● What you need to do:
Could you transcribe every entry below exactly, leaving out the pictures?

Top of Information supplied

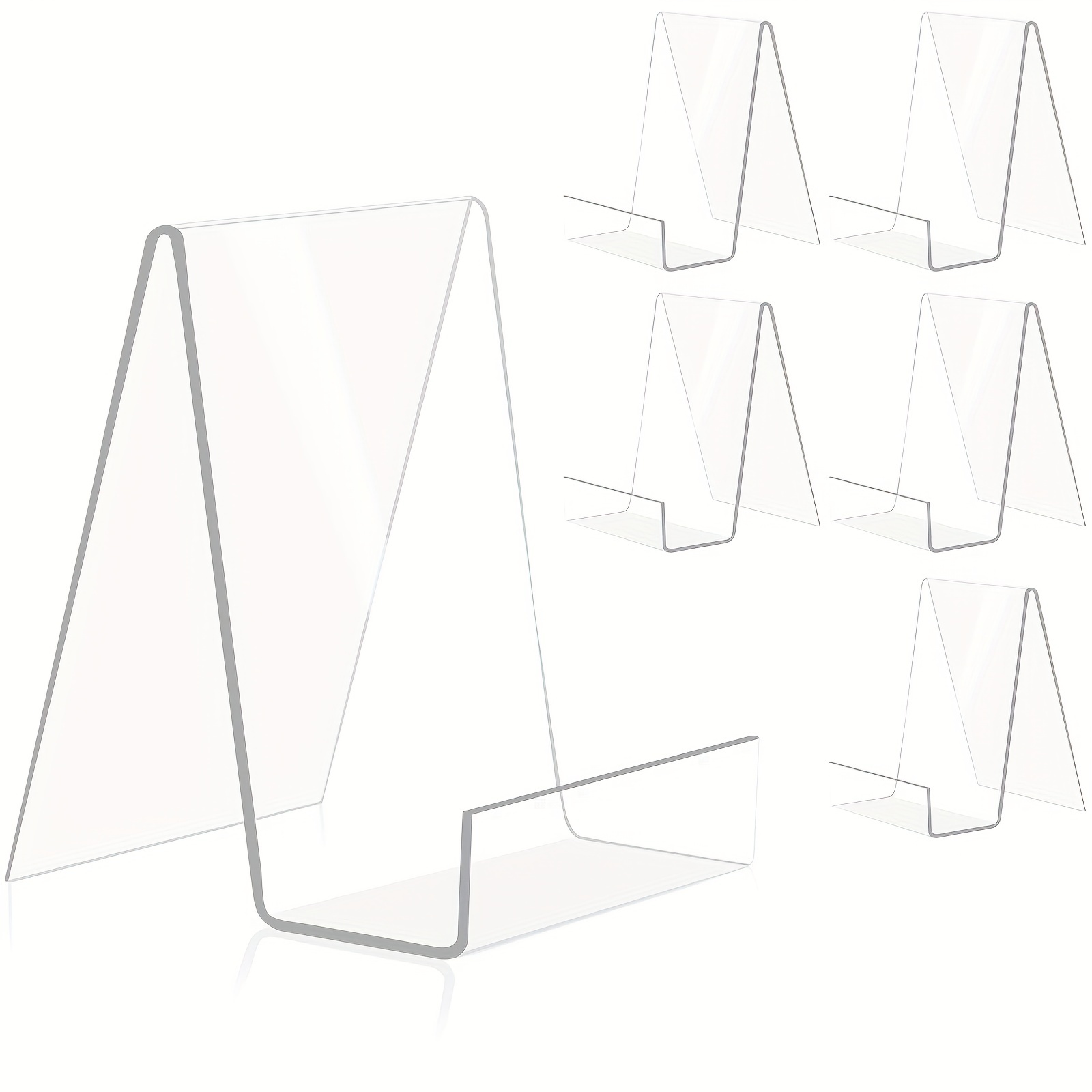 Acrylic Display Holder Clear Display Easel Stands Pedestal - Temu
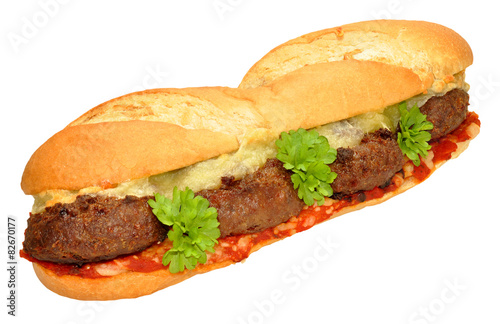 Beef Burger And Cheese sandwich © philip kinsey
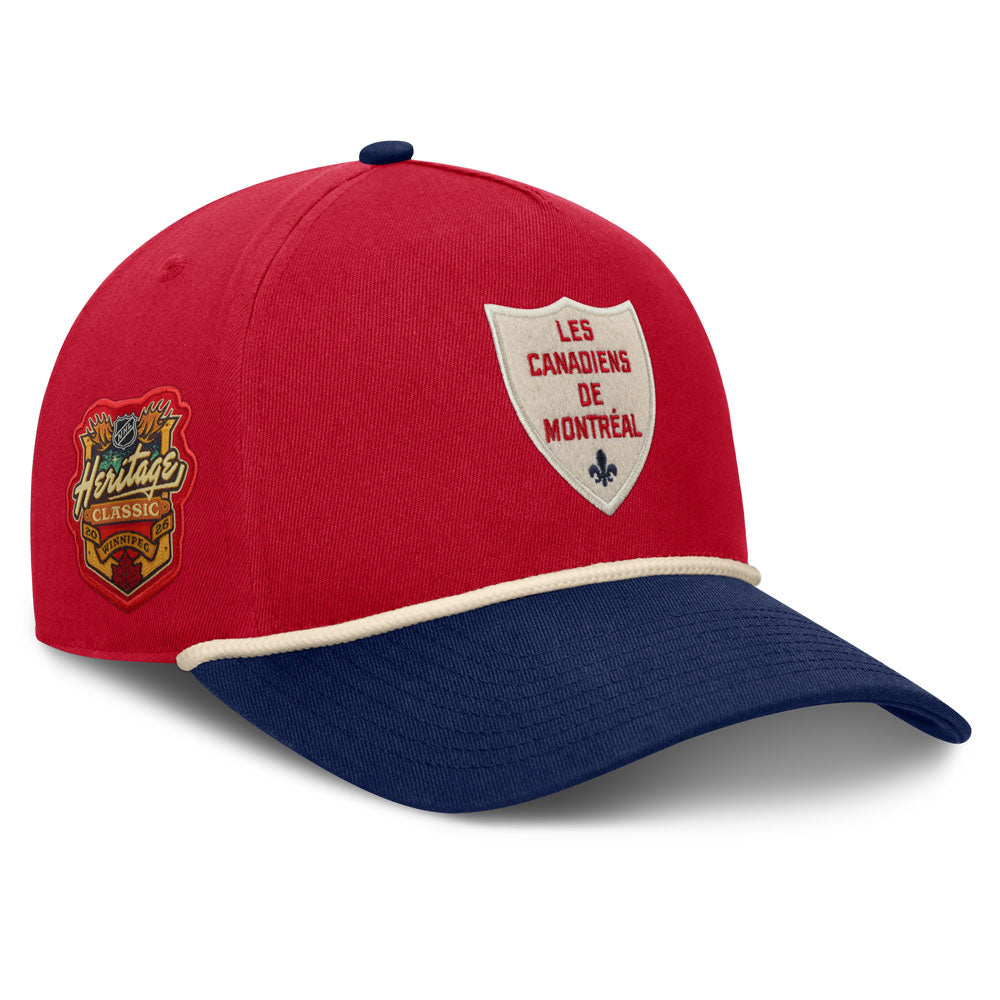 Fanatics Montreal Canadiens 2026 Heritage Classic Red A Frame Hat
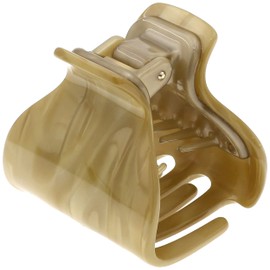 Camila Paris CP3263 French Hair Clip for Women for Long Curly Wavy Hair, Beige, Girls Hair Claw Clips Jaw Fashion Styling Hair Accessories for Women, Strong Hold No Slip Grip, Made in France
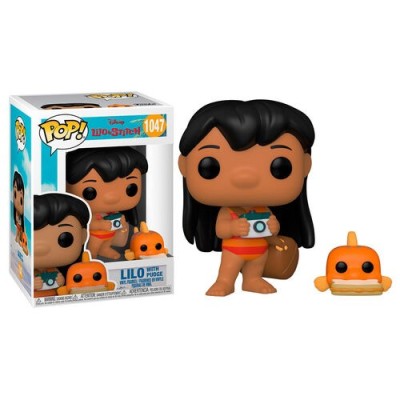 FUNKO FUNKO POP! LILO AND STITCH LILO WITH PUDGE BOBBLE HEAD FIGURE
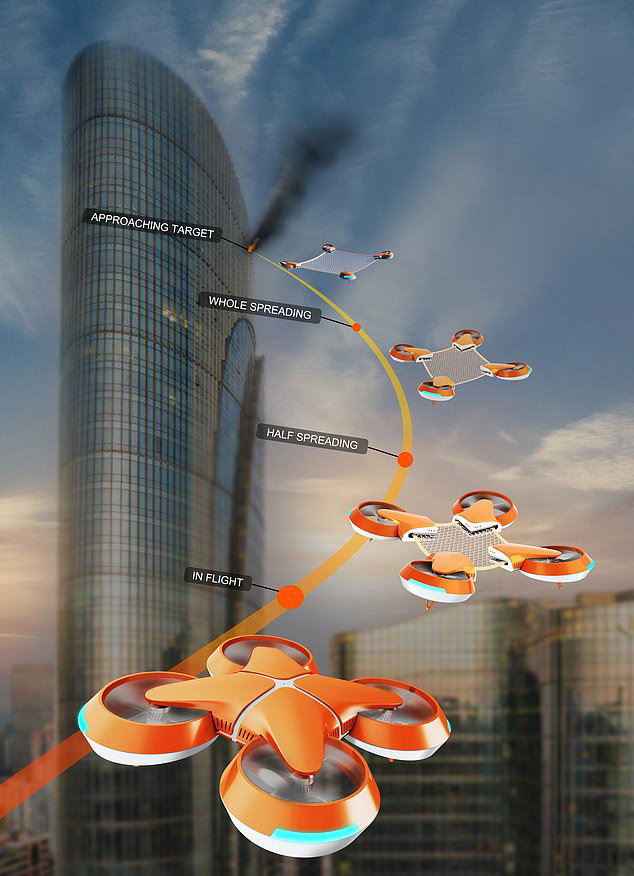 O dronă autonomă care se transformă în plasă ar putea salva vieți 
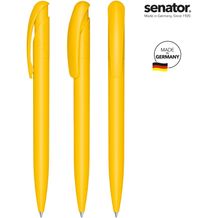 senator® Nature Plus Matt Druckkugelschreiber (gelb 123) (Art.-Nr. CA610197)
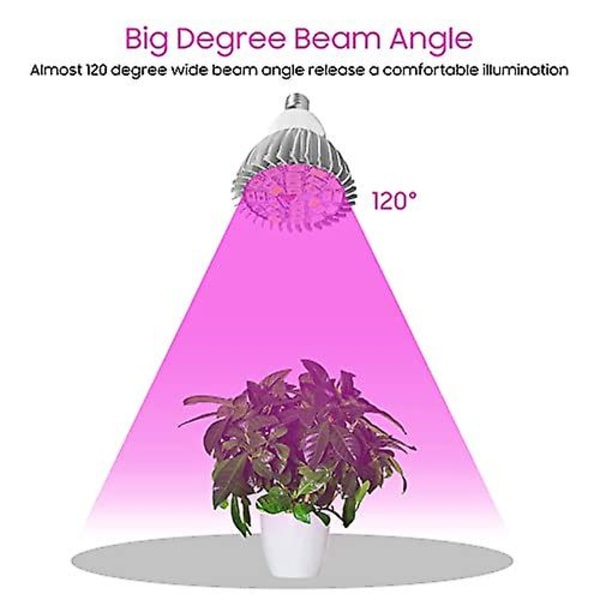 Led Grow Lampe E14 120 Graders Bred Strålevinkel Full Spectrum Hydroponisk Blomster Grønnsaker Voksende Lamper Lys Plante Pærer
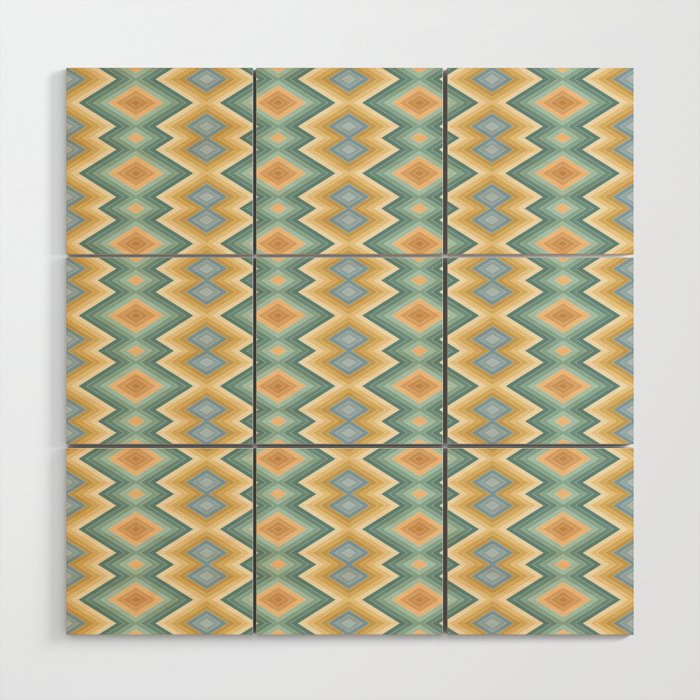 Boho Western Geometric Pattern VI Wood Wall Art Gallery Image 1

Bottom of Information supplied

● Solution to this task:
 Acrylic Display Holder Clear Display Easel Stands Pedestal - Temu
 Beef Burger And Cheese sandwich © philip kinsey
 Fanatics Montreal Canadiens 2026 Heritage Classic Red A Frame Hat
 Camila Paris CP3263 French Hair Clip for Women for Long Curly Wavy Hair, Beige, Girls Hair Claw Clips Jaw Fashion Styling Hair Accessories for Women, Strong Hold No Slip Grip, Made in France
 FUNKO FUNKO POP! LILO AND STITCH LILO WITH PUDGE BOBBLE HEAD FIGURE
 O dronă autonomă care se transformă în plasă ar putea salva vieți 
 senator® Nature Plus Matt Druckkugelschreiber (gelb 123) (Art.-Nr. CA610197)
 Led Grow Lampe E14 120 Graders Bred Strålevinkel Full Spectrum Hydroponisk Blomster Grønnsaker Voksende Lamper Lys Plante Pærer
 Boho Western Geometric Pattern VI Wood Wall Art Gallery Image 1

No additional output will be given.